Includes:
-
BigQueryToGCSOperator: To export tables into Google Cloud Storage (example is with partitions).
-
PythonOperator: Leveraging GoogleCloudStorageHook in a custom function to compose partition text files into one file.
-
GCSDeleteObjectsOperator: To delete objects from a given bucket and prefix.
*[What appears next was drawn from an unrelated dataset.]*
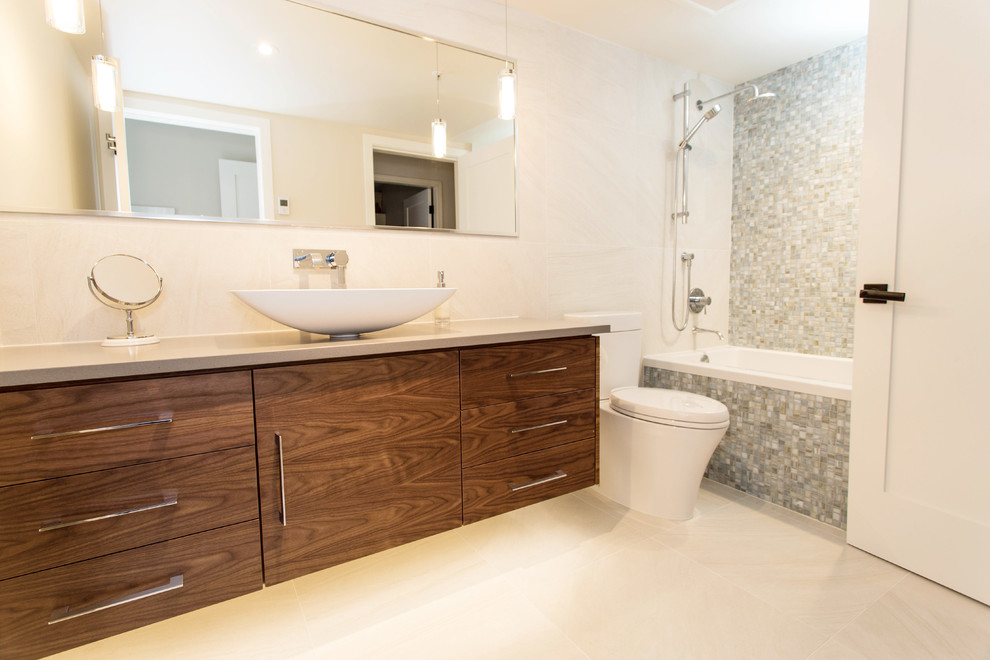 This is an example of a medium sized contemporary shower room bathroom in Vancouver with freestanding cabinets, medium wood cabinets, concrete worktops, a built-in bath, an alcove shower, blue tiles and mosaic tiles.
Initialize the Airflow in Docker. It will ask you about installing yq in your Linux/Mac development environment:
./init.sh
If you don't want to use an external tool to edit your docker-compose, please set your GCP_PROJECT_ID, GCP_BIGQUERY_DATASET_NAME, GCP_BIGQUERY_EXPORT_BUCKET_NAME, BIGQUERY_TABLE_NAME environment variables manually. This is possible by add those lines on the docker-compose.yaml
x-airflow-common
service environment:
GCP_PROJECT_ID: '<YOUR-PROJECT-ID>'
GCP_BIGQUERY_DATASET_NAME: '<YOUR-DATASET>'
GCP_BIGQUERY_EXPORT_BUCKET_NAME: '<YOUR-BUCKET-NAME>'
BIGQUERY_TABLE_NAME: '<YOUR-TABLE-NAME>'
docker-compose up
Then go to local Airflow.
Go to the configurations to set up your GCP Connection. Please follow the instructions on the providers documentation.
Run the DAGs on demand and see the pipeline running.